=== Section Start ===

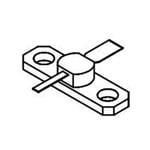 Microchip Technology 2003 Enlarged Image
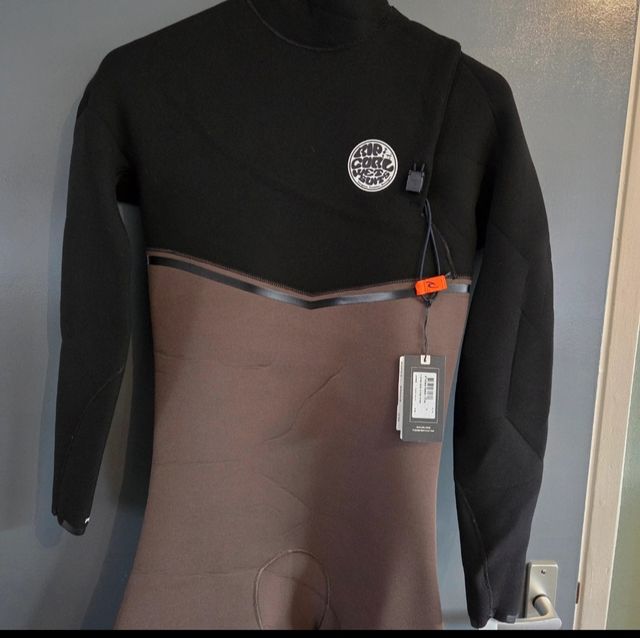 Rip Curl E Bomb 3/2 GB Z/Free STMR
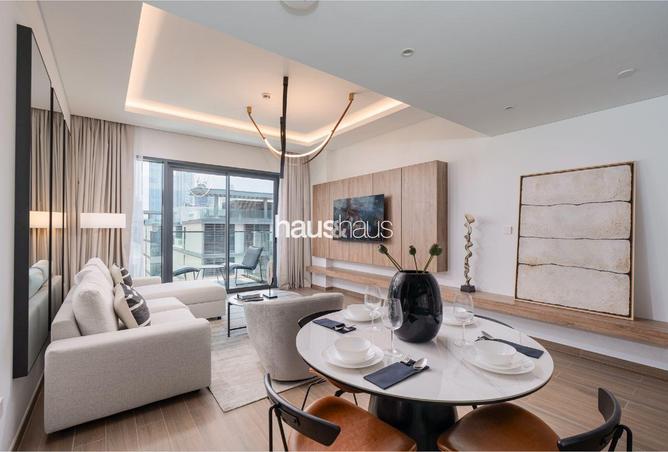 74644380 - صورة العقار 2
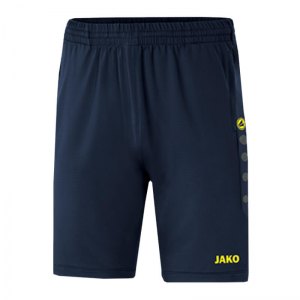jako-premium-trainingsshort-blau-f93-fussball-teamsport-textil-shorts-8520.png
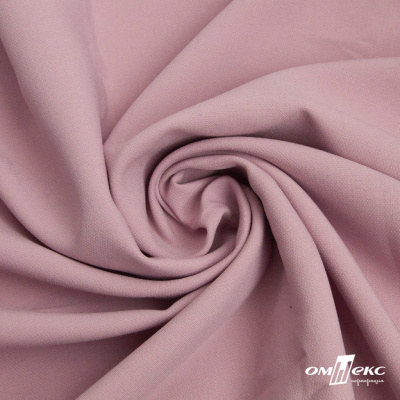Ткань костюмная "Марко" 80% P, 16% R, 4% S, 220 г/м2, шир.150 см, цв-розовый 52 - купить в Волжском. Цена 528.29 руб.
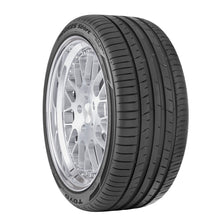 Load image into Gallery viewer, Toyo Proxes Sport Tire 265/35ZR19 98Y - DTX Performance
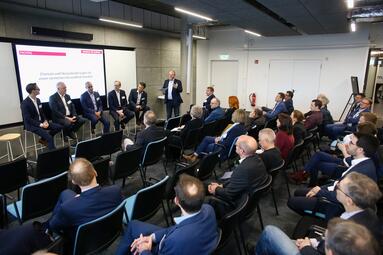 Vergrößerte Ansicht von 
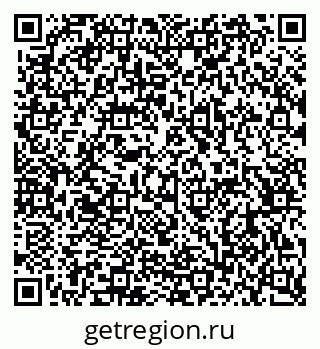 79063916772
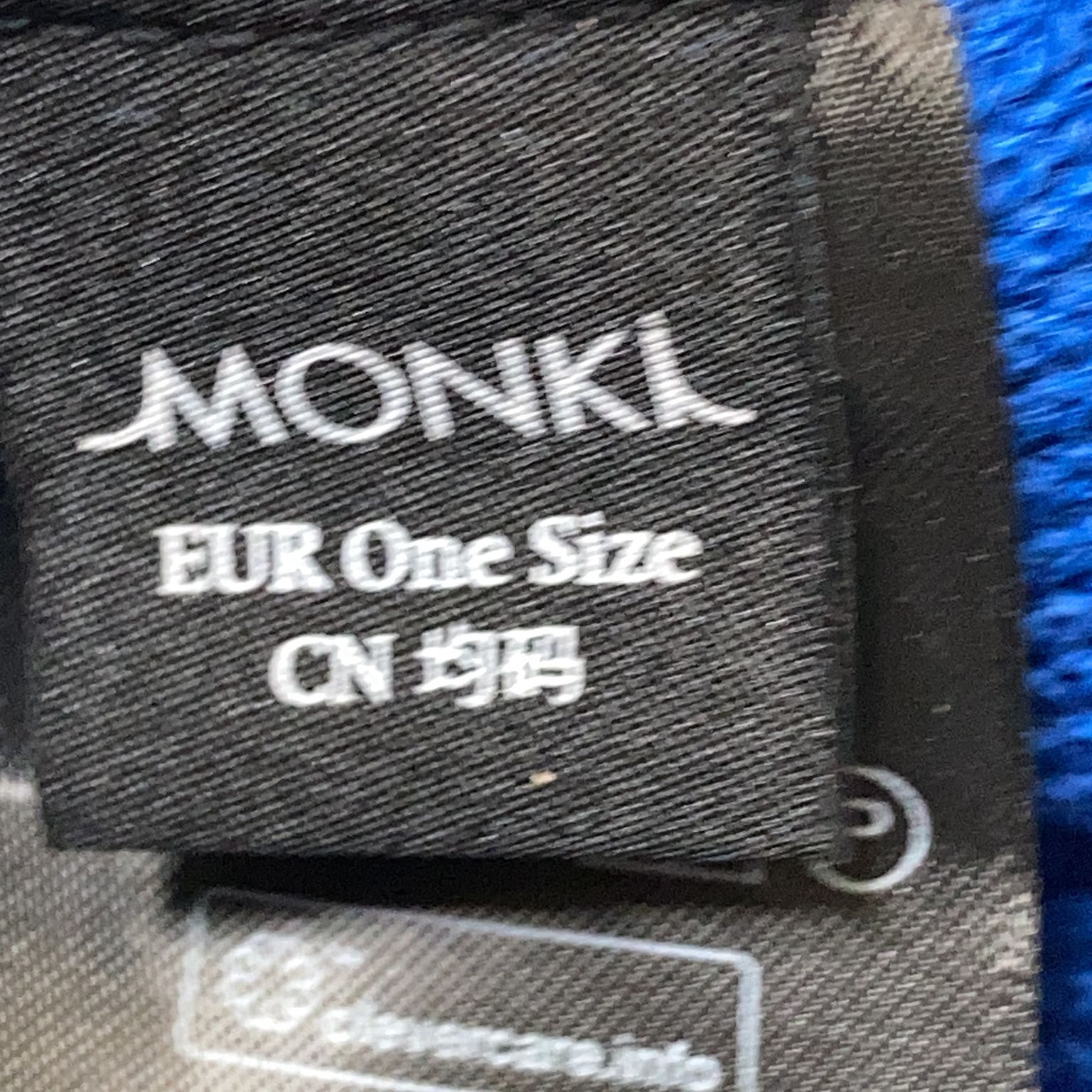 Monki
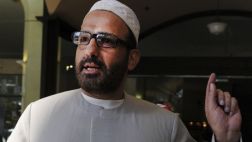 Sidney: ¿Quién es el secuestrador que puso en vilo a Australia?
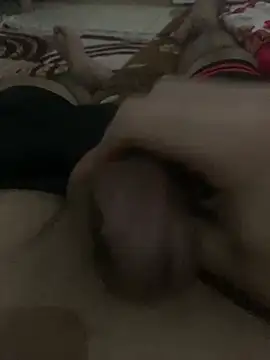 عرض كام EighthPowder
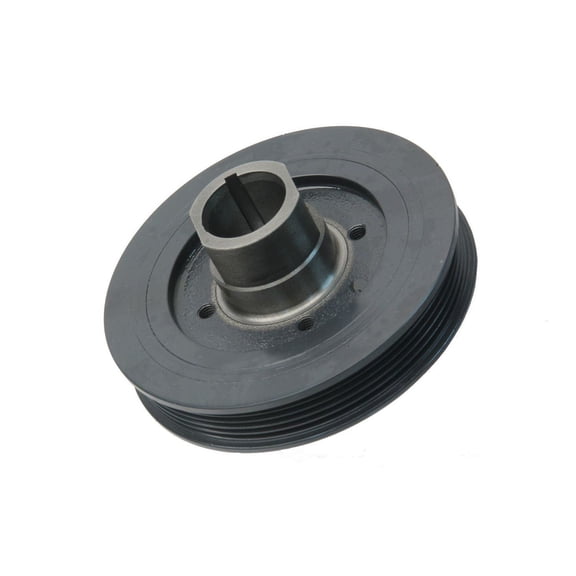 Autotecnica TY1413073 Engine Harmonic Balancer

=== Section End ===

WHAT THE EXERCISE ASKS: Would you repeat the listing word for word and skip every picture?

TASK RESPONSE:
 Microchip Technology 2003 Enlarged Image
 Rip Curl E Bomb 3/2 GB Z/Free STMR
 74644380 - صورة العقار 2
jako-premium-trainingsshort-blau-f93-fussball-teamsport-textil-shorts-8520.png
Ткань костюмная "Марко" 80% P, 16% R, 4% S, 220 г/м2, шир.150 см, цв-розовый 52 - купить в Волжском. Цена 528.29 руб.
 Load image into Gallery viewer, Toyo Proxes Sport Tire 265/35ZR19 98Y - DTX Performance
 Vergrößerte Ansicht von 
 79063916772
 Monki
 Sidney: ¿Quién es el secuestrador que puso en vilo a Australia?
 عرض كام EighthPowder
 Autotecnica TY1413073 Engine Harmonic Balancer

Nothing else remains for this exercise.